2. Sure, which is why I chucked the companies into one pot and treated them as one thing for the purposes of these calculations.
If you put in £20 billion for the licence 1. You had the money and have now lost the revenue from that money. 2. You borrowed the money and have a cost servicing that money. How is either a nil operating cost?
PW, where did I say that it wasn't a "cost"? Of course it's a cost!
Did I not explain at length that while clearly it is "a cost" it is a particular kind of cost called "sunk cost"?
I was explaining that "a sunk cost" does not affect the price charged to consumers (if we exclude TDK's point 2).
B, yup, most people resolutely refuse to accept that "Value does not equal cost" except where it suits them."
Or the amazing piece of loony leftie nonsense.
Profit is the difference between the price and what the price should be!!
Licensees didn't have to pay all the money up-front. Assuming that they are able to walk away from any remaining obligation, does the outstanding license fee affect pricing?
F: "Licensees didn't have to pay all the money up-front."
If that is true then I'd have to re-write the article. But if there is an option to walk away, then surely the original bids would have been far, far, higher? If the price is fixed with an option to walk away, then they might as well not fix the price...
Having done a bit more research (you have to root around a bit but the auction site is http://www.ofcom.org.uk/static/archive/spectrumauctions/3gindex.htm), it turns out it's a moot point anyway.
There was a deferred payment option - 50% upfront, the remaining 50% spread between years 6 and 10. This means that the last payments would all have been made this year.

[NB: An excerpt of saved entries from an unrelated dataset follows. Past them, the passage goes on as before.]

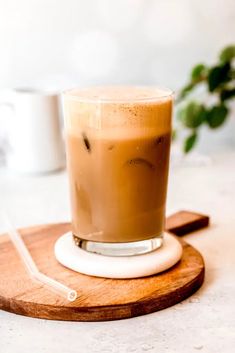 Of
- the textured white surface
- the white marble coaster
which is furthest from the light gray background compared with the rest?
the white marble coaster

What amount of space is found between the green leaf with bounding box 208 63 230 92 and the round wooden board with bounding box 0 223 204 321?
0.66 m

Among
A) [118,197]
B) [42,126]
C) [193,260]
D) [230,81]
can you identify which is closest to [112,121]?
[118,197]

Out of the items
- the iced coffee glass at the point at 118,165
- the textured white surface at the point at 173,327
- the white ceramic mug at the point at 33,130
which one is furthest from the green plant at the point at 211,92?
the iced coffee glass at the point at 118,165

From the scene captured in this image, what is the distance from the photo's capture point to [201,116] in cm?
133

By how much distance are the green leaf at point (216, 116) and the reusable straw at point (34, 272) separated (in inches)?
25.2

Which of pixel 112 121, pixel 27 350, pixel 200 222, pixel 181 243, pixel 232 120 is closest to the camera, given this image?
pixel 27 350

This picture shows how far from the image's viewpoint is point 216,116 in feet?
4.38

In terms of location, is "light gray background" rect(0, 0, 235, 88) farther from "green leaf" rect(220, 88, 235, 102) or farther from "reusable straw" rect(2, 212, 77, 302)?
"reusable straw" rect(2, 212, 77, 302)

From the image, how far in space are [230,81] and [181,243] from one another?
0.66 metres

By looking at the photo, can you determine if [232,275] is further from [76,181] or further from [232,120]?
[232,120]

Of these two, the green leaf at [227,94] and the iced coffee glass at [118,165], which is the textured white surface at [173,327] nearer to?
the iced coffee glass at [118,165]

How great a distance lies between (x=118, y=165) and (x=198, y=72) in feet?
2.34

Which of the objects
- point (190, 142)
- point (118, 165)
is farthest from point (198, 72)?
point (118, 165)

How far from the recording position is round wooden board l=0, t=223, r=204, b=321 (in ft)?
2.03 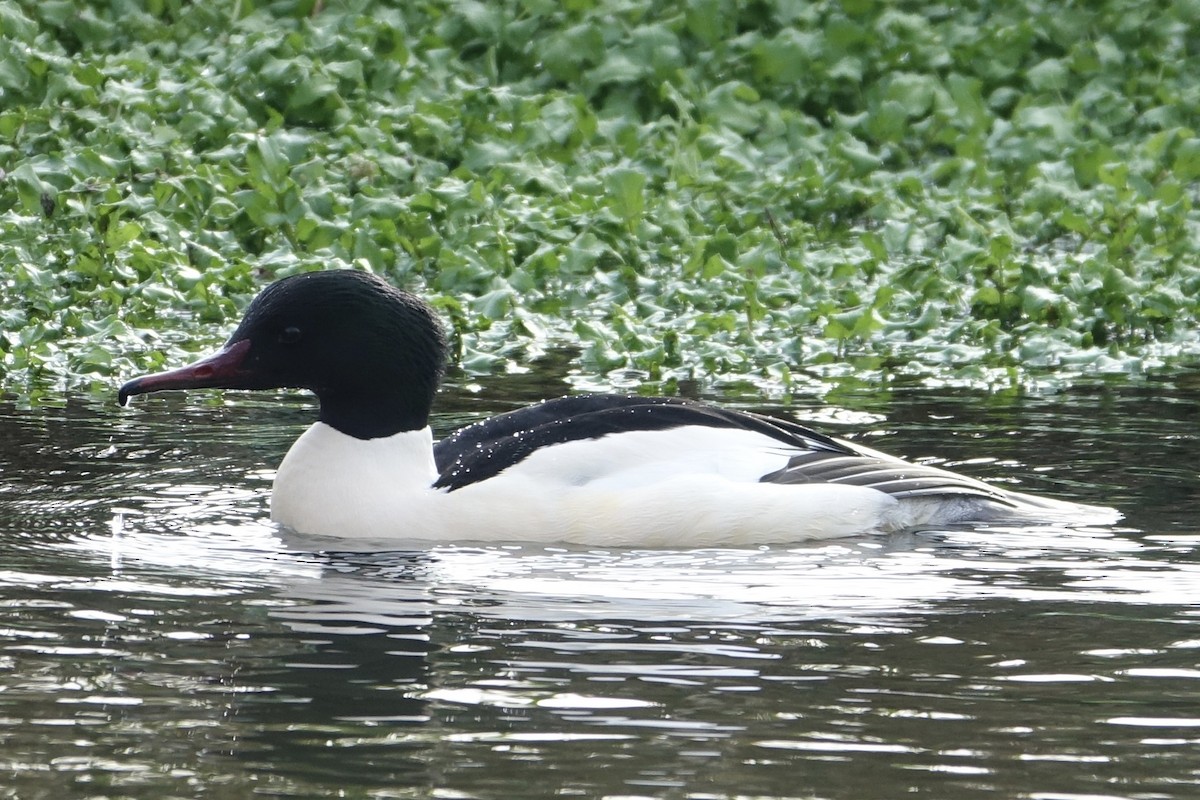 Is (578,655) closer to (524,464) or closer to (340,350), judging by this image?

F, thanks for that, but the post was about 'sunk costs' and whether they can be passed on to the consumer rather than the finer contractual details sifted out of 10,000 pages of small print.
Either way, sunk costs are sunk costs. Maybe the telecoms companies overpaid, maybe they underpaid - the point is that the price you are prepared to pay, today, to make a mobile 'phone call is unaffected by a decision taken - in a highly febrile environment by nutters who had never done this before - ten years ago.

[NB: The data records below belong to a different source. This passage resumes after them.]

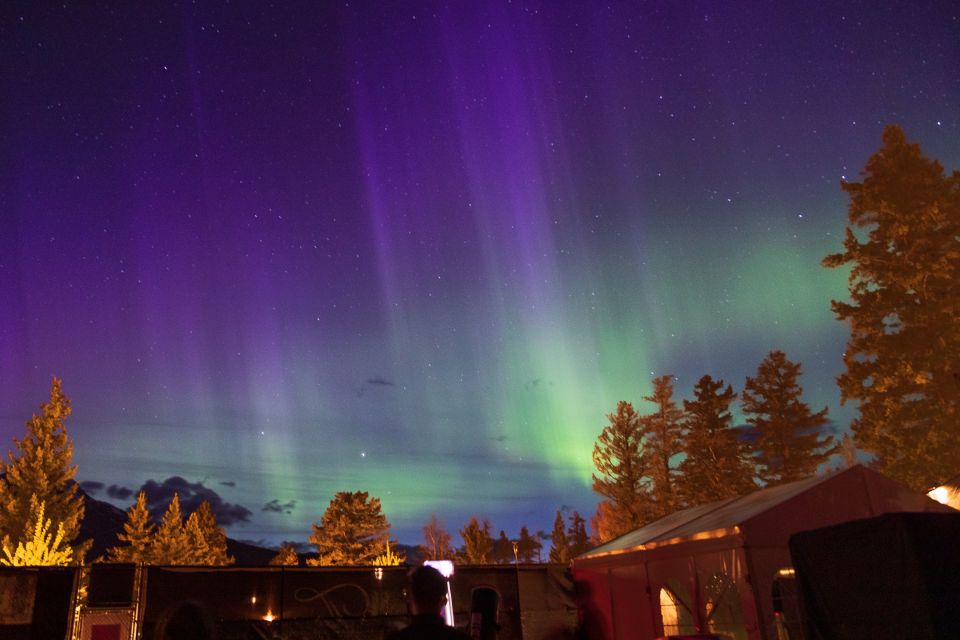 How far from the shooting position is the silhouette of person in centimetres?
303

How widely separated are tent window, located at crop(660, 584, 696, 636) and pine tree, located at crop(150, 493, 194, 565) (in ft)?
127

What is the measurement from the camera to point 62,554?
28656 millimetres

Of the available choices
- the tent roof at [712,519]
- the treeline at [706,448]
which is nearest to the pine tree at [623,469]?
the treeline at [706,448]

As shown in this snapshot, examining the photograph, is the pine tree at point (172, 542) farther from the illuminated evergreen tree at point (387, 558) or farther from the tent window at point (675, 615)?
the tent window at point (675, 615)

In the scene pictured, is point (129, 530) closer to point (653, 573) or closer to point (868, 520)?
point (653, 573)

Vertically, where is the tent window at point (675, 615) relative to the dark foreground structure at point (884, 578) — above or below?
below

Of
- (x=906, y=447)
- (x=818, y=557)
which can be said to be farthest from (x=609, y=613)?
(x=906, y=447)

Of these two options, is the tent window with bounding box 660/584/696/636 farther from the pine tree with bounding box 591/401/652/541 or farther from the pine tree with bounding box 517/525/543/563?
the pine tree with bounding box 517/525/543/563

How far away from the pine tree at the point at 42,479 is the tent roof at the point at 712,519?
2801 cm

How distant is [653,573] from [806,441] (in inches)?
1018

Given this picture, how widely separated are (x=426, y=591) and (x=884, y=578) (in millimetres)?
6126

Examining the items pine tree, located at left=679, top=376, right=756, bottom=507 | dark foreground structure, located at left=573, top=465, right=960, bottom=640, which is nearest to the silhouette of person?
dark foreground structure, located at left=573, top=465, right=960, bottom=640

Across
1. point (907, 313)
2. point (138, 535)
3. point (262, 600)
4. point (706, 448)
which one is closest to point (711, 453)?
point (706, 448)

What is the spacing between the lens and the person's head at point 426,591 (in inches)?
125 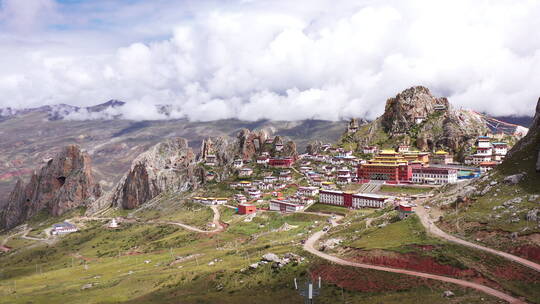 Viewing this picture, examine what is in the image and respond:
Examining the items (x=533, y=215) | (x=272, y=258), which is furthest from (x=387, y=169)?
(x=272, y=258)

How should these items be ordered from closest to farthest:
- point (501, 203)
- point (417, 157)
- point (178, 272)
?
1. point (501, 203)
2. point (178, 272)
3. point (417, 157)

In which case, I'm intrigued as to how not having to pay it all upfront would necessitate a rewrite of the post :-)
The reason I ask is because I see the 3G auction as basically being an example implementation of LVT principles. Spectrum is the same as real estate (can only be occupied, not created or destroyed), so I'm pretty sure there are lessons that the auction experience can teach us. I'm just not sure yet what they are. The FT for example is reporting that the licences won't be auctioned again. Ofcom will just set a price, and I can't decide if that's a good or bad thing.

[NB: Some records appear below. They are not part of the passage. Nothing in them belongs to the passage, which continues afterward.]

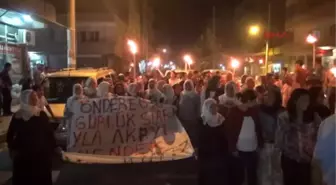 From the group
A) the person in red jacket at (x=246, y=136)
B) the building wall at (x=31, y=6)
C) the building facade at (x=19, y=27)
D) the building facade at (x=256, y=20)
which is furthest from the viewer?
the building facade at (x=256, y=20)

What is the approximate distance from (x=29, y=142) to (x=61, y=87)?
7414 mm

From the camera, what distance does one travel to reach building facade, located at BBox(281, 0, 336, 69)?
36719 mm

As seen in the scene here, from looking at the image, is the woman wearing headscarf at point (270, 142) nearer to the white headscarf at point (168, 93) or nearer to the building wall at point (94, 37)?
the white headscarf at point (168, 93)

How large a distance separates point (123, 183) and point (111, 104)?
4.69ft

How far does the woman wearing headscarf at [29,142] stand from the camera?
7.21 metres

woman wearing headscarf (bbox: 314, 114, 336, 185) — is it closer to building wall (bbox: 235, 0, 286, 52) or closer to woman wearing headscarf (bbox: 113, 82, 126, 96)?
woman wearing headscarf (bbox: 113, 82, 126, 96)

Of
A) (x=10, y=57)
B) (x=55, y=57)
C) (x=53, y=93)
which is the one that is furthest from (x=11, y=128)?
(x=55, y=57)

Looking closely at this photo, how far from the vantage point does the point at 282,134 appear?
7.21m

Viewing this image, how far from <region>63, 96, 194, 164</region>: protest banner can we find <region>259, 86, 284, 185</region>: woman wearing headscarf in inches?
61.2

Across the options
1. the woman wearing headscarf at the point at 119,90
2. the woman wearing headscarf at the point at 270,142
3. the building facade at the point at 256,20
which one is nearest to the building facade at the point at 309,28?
the building facade at the point at 256,20

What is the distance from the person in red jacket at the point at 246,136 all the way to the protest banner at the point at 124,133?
3.79 feet

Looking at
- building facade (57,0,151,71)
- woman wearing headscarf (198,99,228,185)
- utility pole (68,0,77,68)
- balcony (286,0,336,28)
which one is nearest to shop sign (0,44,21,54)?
utility pole (68,0,77,68)

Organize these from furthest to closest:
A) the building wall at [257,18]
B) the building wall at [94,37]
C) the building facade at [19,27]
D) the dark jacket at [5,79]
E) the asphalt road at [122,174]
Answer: the building wall at [257,18] → the building wall at [94,37] → the building facade at [19,27] → the dark jacket at [5,79] → the asphalt road at [122,174]

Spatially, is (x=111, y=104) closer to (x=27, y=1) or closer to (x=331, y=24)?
(x=27, y=1) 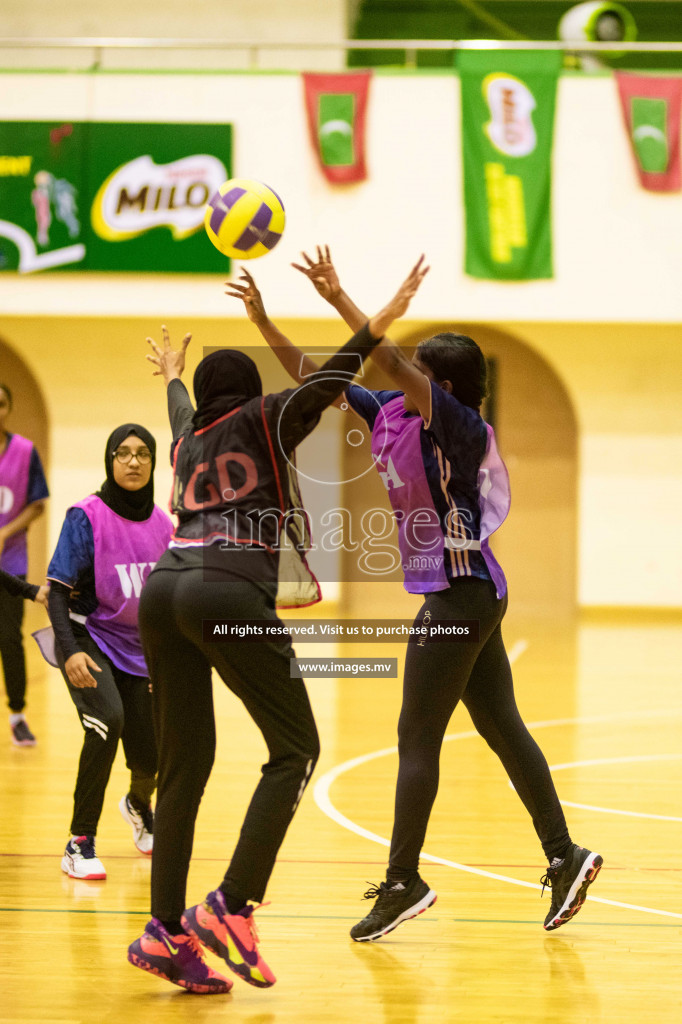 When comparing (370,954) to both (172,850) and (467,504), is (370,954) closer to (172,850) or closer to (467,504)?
(172,850)

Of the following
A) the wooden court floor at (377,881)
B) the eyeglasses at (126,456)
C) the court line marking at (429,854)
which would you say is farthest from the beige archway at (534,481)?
the eyeglasses at (126,456)

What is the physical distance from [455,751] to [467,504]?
3.38 m

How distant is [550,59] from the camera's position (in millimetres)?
12383

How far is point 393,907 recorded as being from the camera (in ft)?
12.1

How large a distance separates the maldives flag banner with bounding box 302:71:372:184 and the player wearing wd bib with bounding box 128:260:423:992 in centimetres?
979

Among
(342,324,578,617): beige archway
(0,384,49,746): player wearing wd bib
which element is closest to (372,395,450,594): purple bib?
(0,384,49,746): player wearing wd bib

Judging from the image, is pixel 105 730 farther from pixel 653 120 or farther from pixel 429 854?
pixel 653 120

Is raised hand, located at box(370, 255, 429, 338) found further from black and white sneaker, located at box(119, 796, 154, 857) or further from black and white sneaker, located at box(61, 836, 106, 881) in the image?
black and white sneaker, located at box(119, 796, 154, 857)

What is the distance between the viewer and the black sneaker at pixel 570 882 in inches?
147

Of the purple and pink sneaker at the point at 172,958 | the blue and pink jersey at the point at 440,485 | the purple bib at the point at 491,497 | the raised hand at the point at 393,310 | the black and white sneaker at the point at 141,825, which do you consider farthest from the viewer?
the black and white sneaker at the point at 141,825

But to restate, my original question is moot. All the money has been paid (and there was no get-out clause) so you don't have to rewrite anything :)
Fraggle, provided that the auction was for the spectrum rights for a fixed period, it is a case of LVT principles in action. However if it was selling them for all time, it's not. LVT is a ground rent and if you sell the freehold without making any provision for ongoing charges, you are losing the incentives which lead to efficient use of the spectrum. In a truly LVT-based auction, companies would have been making rental offers for a fixed period rather than purchase offers in perpetuam.
F, thanks for updating your update. Yes of course it's like LVT (that's the usually the sub-text round here) but I was also trying to address the notion that "landowners will pass on all the LVT to the tenant or add it to the selling price".
D, the auction was for twenty years or thirty years, so it is like LVT.